CVPR 2025 Video Generation motion prompting video diffusion point trajectories ControlNet camera control object control motion transfer

Motion Prompting: Controlling Video Generation with Motion Trajectories¶

Conference: CVPR 2025
arXiv: 2412.02700
Code: https://motion-prompting.github.io/
Area: Video Generation
Keywords: motion prompting, video diffusion, point trajectories, ControlNet, camera control, object control, motion transfer

TL;DR¶

By training ControlNet with spatio-temporally sparse/dense point trajectories as "motion prompts," a single model achieves diverse motion control capabilities—including object control, camera control, motion transfer, and drag-and-drop editing—while demonstrating the emergence of realistic physical behaviors.

Background & Motivation¶

Background: Video generation models primarily rely on text prompts for control, but text is fundamentally limited in describing precise motion details—"a bear quickly turns its head" can be interpreted in countless ways.
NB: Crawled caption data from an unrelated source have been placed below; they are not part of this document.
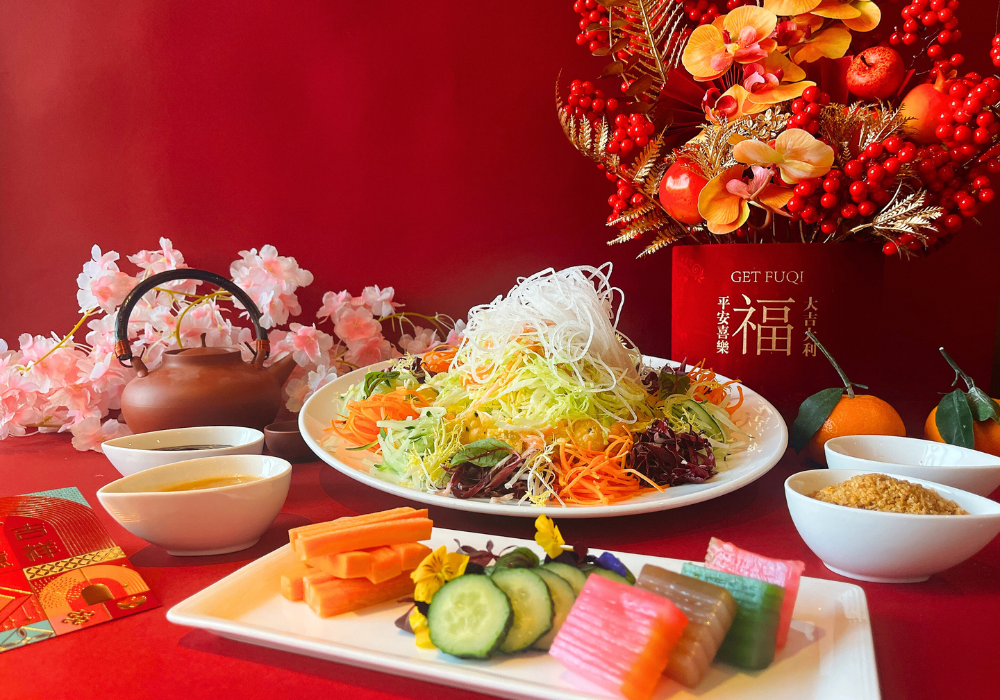 Website offer inner page visual (1)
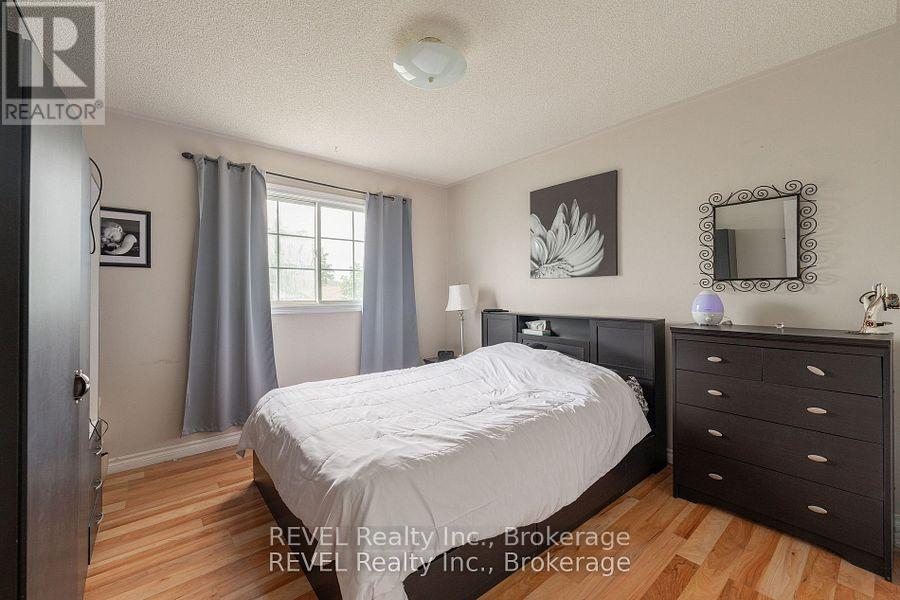 6615 Harper Drive, Niagara Falls, Ontario  L2E 7H7 - Photo 19 - X12608990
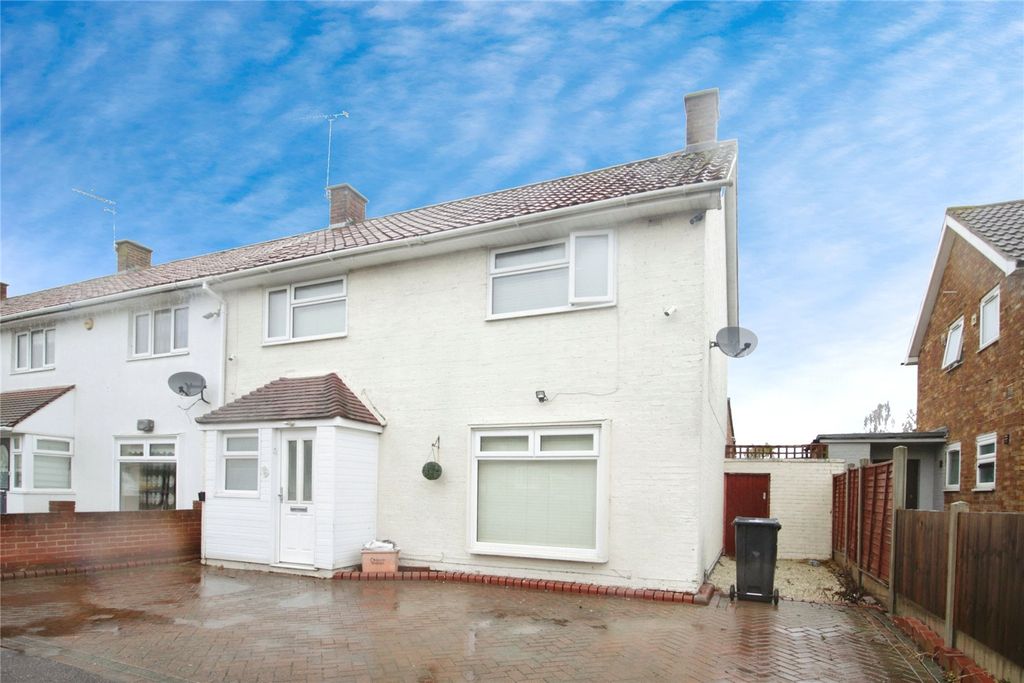 Property photo 1 of 11 Picture No. 01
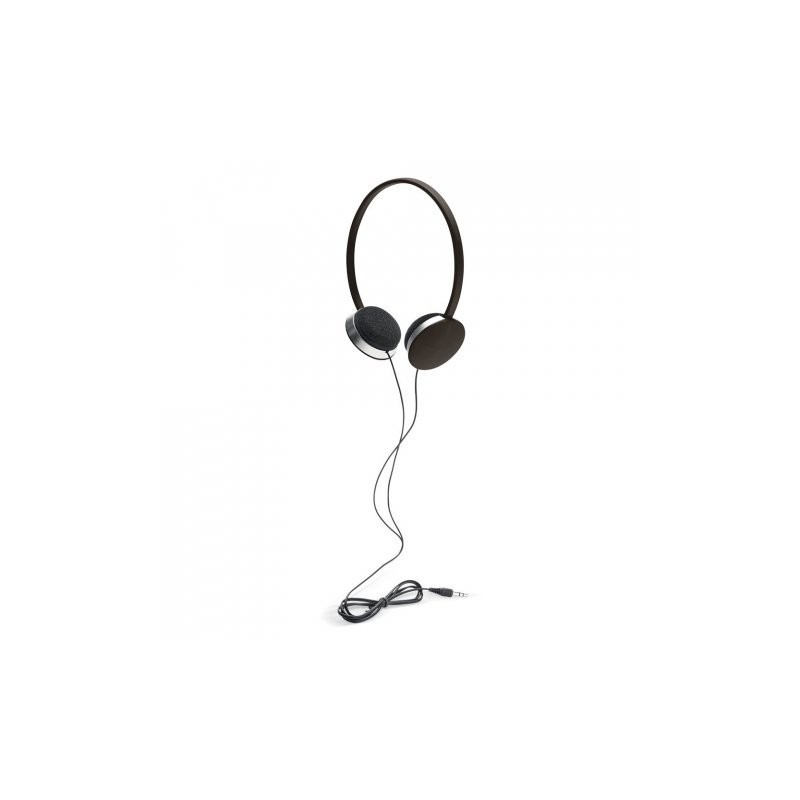 DE VOLTA. Fones de ouvido-Acessórios de tecnologia-estoesunregalo
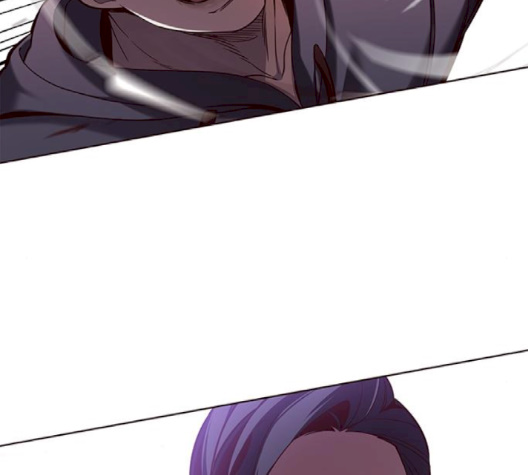 Eleceed (EN) Ch.102 p32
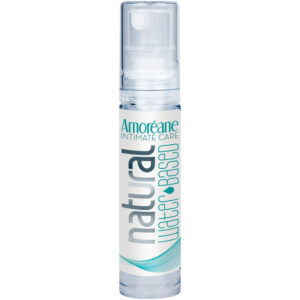 img_161908_9f87cd938a7b299e69573b41bc28bec3_1 AMOREANE - LUBRIFICANTE À BASE DE ÁGUA NATURAL 10 ML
Subtle nuances in motion timing, trajectory, acceleration, and deceleration require more direct control signals.

Limitations of Prior Work: 1. High engineering complexity: Methods like Tora, MotionCtrl, and DragNUWA require two-stage training, task-specific loss functions, customized architectures, or joint fine-tuning of multiple modules. 2. Restricted control signals: Entity-level signals such as bounding boxes, segmentation masks, and human poses can only control specific types of motion. 3. Inadequate optical flow representations: Optical flow cannot link features across multiple frames (leading to error accumulation), does not handle occlusions, and is ill-suited for generative tasks. 4. Different motion types require different adapters: For instance, MOFA-Video needs separate training for camera and object motions.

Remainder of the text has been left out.